Как мы увидели в главе 8, в последние десятилетия нам стали понятны различные механизмы быстрых изменений. С ними мы оказываемся в мире макромутаций, среди которых: а) традиционные точечные мутации, делеции и вставки в генах, чьи белковые продукты увеличивают эффективность работы целого каскада (транскрипционных факторов, ферментов сплайсинга, переносов транспозонов); речь идет об экзонных участках, которые регулируются в том числе и эпигенетически; б) обычные мутации в промоторах, которые определяют, когда, где и насколько мощно пойдет экспрессия (вспомним, как мутация в промоторе превратила полигамных полевок в моногамных); в) неклассические мутации, такие как дупликация или делеция целого гена. Все это приводит к заметным и быстрым изменениям.
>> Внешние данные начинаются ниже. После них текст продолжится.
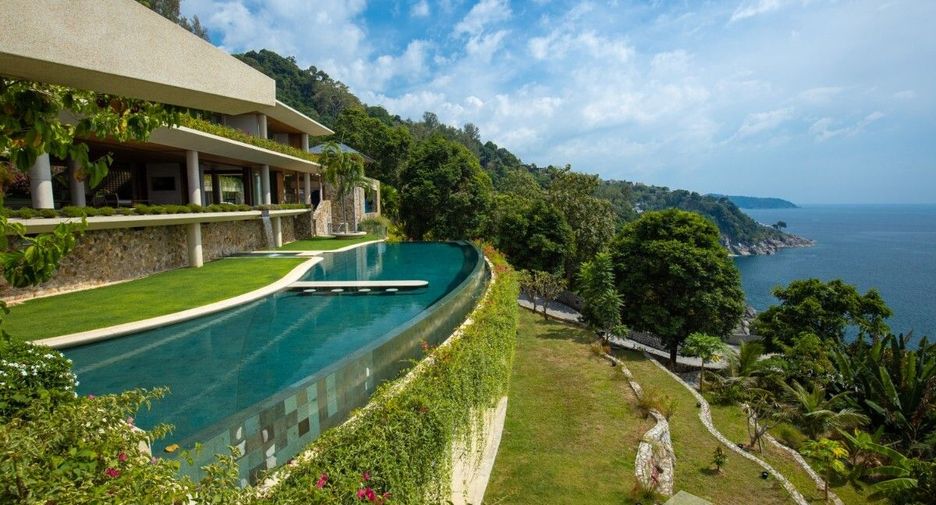 For sale 5 bedrooms villa in Kathu, Phuket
А как соотнести молекулярные механизмы со стазисом? Пусть в гене ТФ произойдет случайная мутация и он включит ансамбль генов, никогда раньше не выступавших вместе. Какова вероятность, что не получится смертельной какофонии? Или пусть эта случайная мутация затронет фермент-посредник в эпигенетической регуляции, и в результате ген будет включаться и выключаться в неположенное время. Правильно, все пойдет наперекосяк. Или давайте отправим транспозон в середину какого-нибудь гена или подменим фермент сплайсинга, и он станет сшивать друг с другом не те экзоны в различных белках… ничего хорошего от этого не жди. В этом и смысл стазиса – в явлении эволюционного консерватизма: удачно нарушают его только редкие исключительные макроизменения, которые происходят в подходящее для них время.
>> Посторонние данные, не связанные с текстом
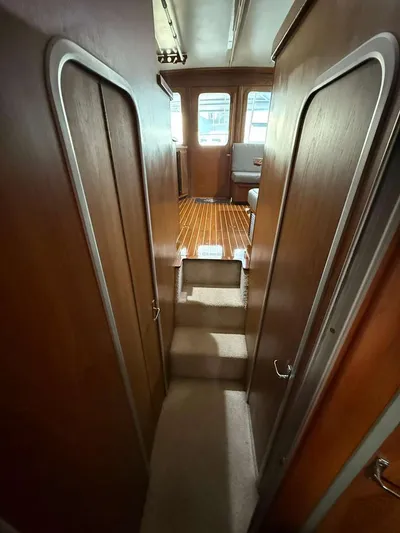  Yacht Photos Pics 1995 Luhrs Tournament 350 yacht interior with wooden flooring.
Покажите нам эти быстрые изменения в современном мире. И последнее, что требуют градуалисты, – это продемонстрировать быстрые эволюционные изменения на современных видах. А примеров таких совсем немало. И один – просто великолепный. Он касается блестящих опытов по одомашниванию сибирских серебристых лис{601}. В этих экспериментах, которыми руководил русский генетик Дмитрий Беляев, пойманных диких лис отбирали по признаку дружелюбности к людям, и к 35-му поколению вывели ручных лис, которых можно было брать на руки.
Я бы сказал, получилось весьма прерывисто. И здесь главная проблема в том, что это был искусственный, а не естественный отбор.
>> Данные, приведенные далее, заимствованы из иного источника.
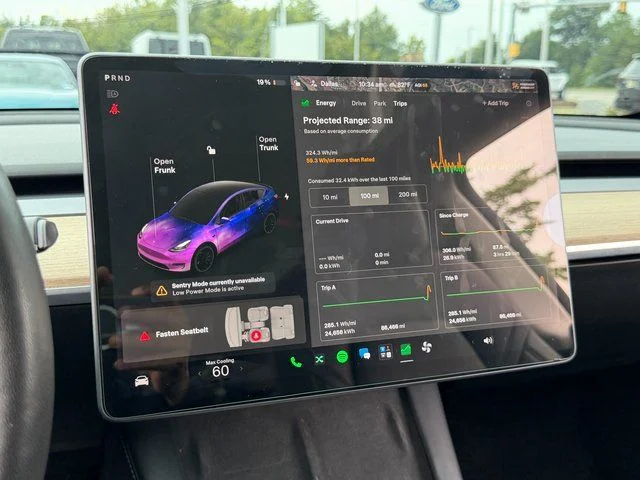 Used 2022 Pearl White Multi Tesla  image 5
Любопытно, что в это время в Москве происходили события, прямо противоположные опытам с лисами, – в городе постепенно одичала тридцатитысячная популяция собак, которая начала складываться еще в XIX в. (а еще некоторые собаки прекрасно освоили московский метрополитен, чем и прославились){602}. Одичавшие московские собаки мало-помалу обрели определенную стайную организацию, стали избегать людей и хвосты больше не загибают вверх колечками. Другими словами, они превратились в нечто волкообразное. Скорее всего, первые поколения одичавшей популяции подвергались интенсивному отбору по этим признакам, и теперь их потомки составляют современные популяции[333]{603}.
Такое же быстрое изменение, но уже в человеческом генофонде, связано с пролонгированным действием лактазы. Лактазный ген мутировал, и в результате люди получили возможность переваривать молочные продукты, даже став взрослыми{604}. Новый вариант гена обычен среди популяций, где принято употреблять в пищу молоко – это скотоводческие народы, такие как кочевники Монголии или восточноафриканские масаи, но зато его почти не встретишь у племен, где молоком кормят лишь грудничков, – это китайцы и народы Юго-Восточной Азии. Пролонгированная активность лактазы эволюционировала быстрее, чем мгновение ока даже по геологическим меркам, – всего за последние 10 000 лет данное свойство установилось вместе с одомашниванием молочного скота (явление коэволюции).